“For a rest.”
“And you go to-morrow?”
“I go to-morrow.”
“Without forgiving me?” He leaned very near.
There was a palpitating silence, a silence that searched their souls, and sharply then Myra cried out:
“Oh, Joe! Joe! This is killing me!”
“Myra!” he cried.
He drew her close, very close, stroking her cheek, and the tears ran over his fingers.
“Oh, don’t you see,” he went on, brokenly, “I can’t ask you to come with me? And yet I must go?”
“I don’t know,” she sobbed. “I must go away and rest ... and think ... and try to understand....”
“And may I write to you?...”
“Yes,” she murmured.
“And I am forgiven?”
“Forgive me!” she sobbed.
They could say no more, but sat in the wild darkness, clasping each other as if they could not let one another go.... How could they send each other forth to go in loneliness and homelessness to the ends of the earth? The hours passed as they talked brokenly together, words of remorse, of love, of forgiveness.
And then finally they arose—it was very late—and Myra whispered, clinging to him:
“We must say good-by here!”
“Good-by!” he cried ... and they kissed.
“Joe,” she exclaimed, “take care of yourself! Do just that for me!”
“I will,” he said huskily, “but you must do the same for me. Promise.”
“I promise!”
“Oh, Joe!” she cried out, “what is life doing with us?”
And they went back, confused and strange, through
the lighted streets.
They stood before her house.
“Till you come back!” he whispered.
She flashed about then, a look of a new wonder in her eyes.
“If only I thought you were right in your work!” she cried.
“You will! You will, Myra! And in that hope, we will go on!”

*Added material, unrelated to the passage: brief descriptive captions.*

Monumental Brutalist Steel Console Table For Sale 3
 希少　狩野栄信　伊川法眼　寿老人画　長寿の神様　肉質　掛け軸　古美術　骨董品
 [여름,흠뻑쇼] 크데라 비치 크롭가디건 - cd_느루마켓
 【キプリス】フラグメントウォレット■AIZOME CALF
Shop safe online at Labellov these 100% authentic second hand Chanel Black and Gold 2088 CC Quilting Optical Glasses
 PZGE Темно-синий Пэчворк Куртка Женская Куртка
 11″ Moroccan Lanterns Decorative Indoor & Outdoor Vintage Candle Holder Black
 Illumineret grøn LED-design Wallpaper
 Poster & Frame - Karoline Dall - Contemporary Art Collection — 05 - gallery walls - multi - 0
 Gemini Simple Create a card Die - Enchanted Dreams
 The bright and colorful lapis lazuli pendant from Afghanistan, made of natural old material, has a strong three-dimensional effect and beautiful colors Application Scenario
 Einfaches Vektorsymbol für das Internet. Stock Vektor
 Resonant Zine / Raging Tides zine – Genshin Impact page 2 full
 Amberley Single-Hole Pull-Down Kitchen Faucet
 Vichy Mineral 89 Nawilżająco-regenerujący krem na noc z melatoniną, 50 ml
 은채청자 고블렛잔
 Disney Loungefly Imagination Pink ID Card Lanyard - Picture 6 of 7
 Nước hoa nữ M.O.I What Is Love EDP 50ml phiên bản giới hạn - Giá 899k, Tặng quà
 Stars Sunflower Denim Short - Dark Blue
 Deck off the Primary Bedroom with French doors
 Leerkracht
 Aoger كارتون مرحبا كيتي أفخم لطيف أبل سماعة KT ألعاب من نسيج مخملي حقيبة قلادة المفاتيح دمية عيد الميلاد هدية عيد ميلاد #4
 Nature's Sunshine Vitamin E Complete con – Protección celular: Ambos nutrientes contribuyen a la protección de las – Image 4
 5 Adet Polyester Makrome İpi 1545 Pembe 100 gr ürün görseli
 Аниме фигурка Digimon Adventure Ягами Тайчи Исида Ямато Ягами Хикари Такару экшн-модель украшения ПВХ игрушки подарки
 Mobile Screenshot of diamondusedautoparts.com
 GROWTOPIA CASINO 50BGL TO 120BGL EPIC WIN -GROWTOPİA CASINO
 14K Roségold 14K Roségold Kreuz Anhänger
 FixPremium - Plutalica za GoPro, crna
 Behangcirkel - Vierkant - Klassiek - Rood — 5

She was gone; the door shut him out of her life. And all alone, strong, bitter, staring ahead, Joe stepped off to begin the new life ... to plunge into the battle.
* * * * *
PART II—THE TEST
I
BEGINNINGS
It was in that red gash of crosstown brick—West Tenth Street—that the new life began. The neighborhood was quaint and poor, a part of that old Greenwich Village which at one time was a center of quiet and chaste respectability, with its winding streets, its old-fashioned low brick houses, its trees, its general air of detachment and hushed life. Now it was a scene of slovenliness and dust, of miserable lives huddled thickly in inadequate houses, of cheap roomers and boarders, of squalid poverty—a mix of many nations well-sprinkled with saloons.
But the house was quite charming—three stories, red brick, with a stoop of some ten steps, and long French windows on the first floor. Behind those French windows was a four-room flat; beneath them, in the basement, a room with iron-grated windows. Into that flat Joe and his mother moved.